Bertone, è da un lato la “trasformazione della vettura popolare in oggetto esclusivo” e dall’altro la “configurazione esemplare della meccanica nobile”. La storia di novant’anni di attività dei Bertone, carrozzieri e designer, si dipana quindi lungo queste due direttrici e, come è tipico dei lavori di Carugati, fa dei suoi prodotti il fulcro di una narrazione più articolata, nella quale si rispecchiano e si intrecciano aspetti culturali, sociali, esistenziale e di costume. Dagli inizi artigianali del lavoro di Giovanni, “carradore” a Mondovì, alla strategia industriale e progettuale di Nuccio, fino all’attuale struttura aziendale, la vicenda dei Bertone si svolge lungo l’arco dell’evoluzione dell’auto in Italia e in Europa, nella quale il marchio della sempre più affermata famiglia di creatori e costruttori ha segnato alcune delle tappe più significative, grazie anche all’intelligente impiego di disegnatori di altissimo livello, tra i quali spicca ovviamente il nome del giovanissimo Giugiaro. Con questa intensa attività, l’automobile ha confermato il carattere simbolico che il Novecento le ha fin dall’inizio affidato, offrendosi come “forma” per eccellenza di un’intera società e della sua cultura.
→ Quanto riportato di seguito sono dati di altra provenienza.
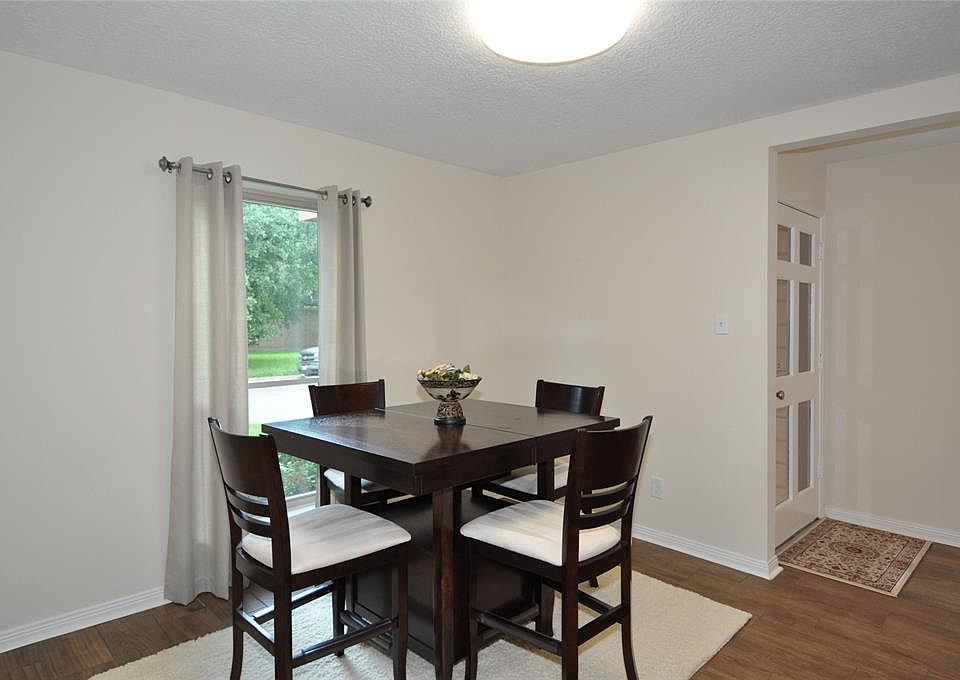 1st image of 7911 Deaton Dr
Genova del Saper Fare. Lavoro, imprese, tecnologie A cura di Paride Rugafiori Skira, Milano 2004, ill. a colori e b/n, 208 pp Il libro, che accompagna la mostra omonima organizzata ai Magazzini dell’Abbondanza nell’ambito di Genova Capitale Europea della Cultura 2004, offre l’occasione per riflettere sulle trasformazioni e le contraddizioni della società

contemporanea e sulle opportunità di questa era di globalizzazione tecnologica, economica, sociale e culturale. Le Corbusier Il Modulor+Modulor 2 Saggio su una misura armonica a scala umana universalmente applicabile all’architettura e alla meccanica Gabrielle Capelli Editore, Mendrisio 2004, ca. 300 ill. b/n, 2 volumi 250pp+340 pp A quasi trent’anni dalla sua apparizione nella versione italiana, la ristampa di un classico dei saggi di architettura del maestro Le Corbusier. Ingrid Paoletti Una finestra sul trasferimento. Tecnologie innovative per l’architettura Libreria CLUP, Milano 2003, ill. in b/n, 296 pp Il trasferimento tecnologico in architettura viene spesso interpretato come “nobile rapina” di materiali, tecniche e tecnologie da settori avanzati (aeronautica, microelettronica, chimica). Oggi si sta facendo strada un altro genere di trasferimento che trae procedure e soluzioni da realizzazioni significative del terziario avanzato. Il libro apre una finestra sugli impulsi innovativi che influenzeranno nel prossimo futuro del progetto di architettura: l’evoluzione delle tecnologie costruttive, lo sviluppo di software di modellazione complessi e la mass-customization dei componenti industriali sono solo alcune delle tendenze che cambieranno il costruire dei prossimi anni.